Paciência

“O mercado não é uma maquina de acomodação, ele não vai te proporcionar altos retornos só porque você precisa deles.” “Peter Bernstein”

O mercado brasileiro de ações está passando por uma fase muito complexa. Com a recente queda de juros, o mercado ficou bem mais atrativo, houve a abertura de fundos muito grande e foi criada uma nova classe de fundos, os fundos de horizonte de investimento de curtíssimo prazo, com giros diários relevantes nas carteiras e com muitos movimentos baseados no bizú, ou seja, informações que podem movimentar os papéis. Essas informações tem as origens mais variadas possíveis, e podem ter impactos muito distintos no mercado também. É como se o mercado tivesse ficado distorcido com volume de trade fora do normal e reações exacerbadas em relação aos eventos. Nesse contexto gostaríamos de resgatar o brilhante capítulo entitulado “paciência” do excelente livro do Howard Marks chamado “The Most Important Thing”. Esse capítulo pode ser considerado como um antídoto a essa onda curto prazista que tem afetado o mercado brasileiro. Aos investidores brasileiros de horizonte mais longo e capacidade profunda de análise existe um recurso para conseguir não se envolver nessa onda e ganhar muito dinheiro.
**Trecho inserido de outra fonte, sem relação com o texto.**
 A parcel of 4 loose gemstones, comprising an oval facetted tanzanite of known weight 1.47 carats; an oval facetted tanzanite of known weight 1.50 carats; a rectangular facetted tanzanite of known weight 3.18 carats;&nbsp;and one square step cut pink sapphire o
Esse recurso se chama “paciência”.

Seth Klarman afirma que um dos problemas que os gestores de fundo profissionais enfrentam é a fixação de um objetivo de rentabilidade a ser atingido. Tentar obter retornos agressivos não só não garante que você obtenha esses ganhos, mas também aumenta a probabilidade de ter perdas e se distanciar ainda mais do seu objetivo inicial, ampliando o seu problema.

Muitos investidores com o objetivo de obter resultados altos e rápidos acabam girando excessivamente os portfólios obtendo o resultado oposto ao desejado. Marks sugere que é melhor esperar os investimentos irem até você, do que ficar insistenteme os perseguindo.

Oxímoro

Peter Lynch e Warren Buffett costumam usar o termo oxímoro para descrever gerentes de fundo profissionais, pois na visão deles não podem ser classificados como investidores. Oxímoro tem justamente essa conotação de um paradoxo, ou uma contradição. O gerente de fundo profissional sofre pressões corporativas para apresentar frequentemente boas performances nas mais variadas janelas de tempo. E justamente essa pressão faz com que ele seja limitado na tomada de risco e acabe apresentando resultados medíocres. Toda vez que você abre espaço para ter um resultado muito bom, investindo em ações de menor liquidez ou de empresas menos conhecidas, você também fica suscetível a uma volatilidade de resultados alta e a possibilidade de ter momentos negativos em determinada janela de tempo, mesmo que no horizonte de investimentos mais longos você apresente uma rentabilidade muito boa.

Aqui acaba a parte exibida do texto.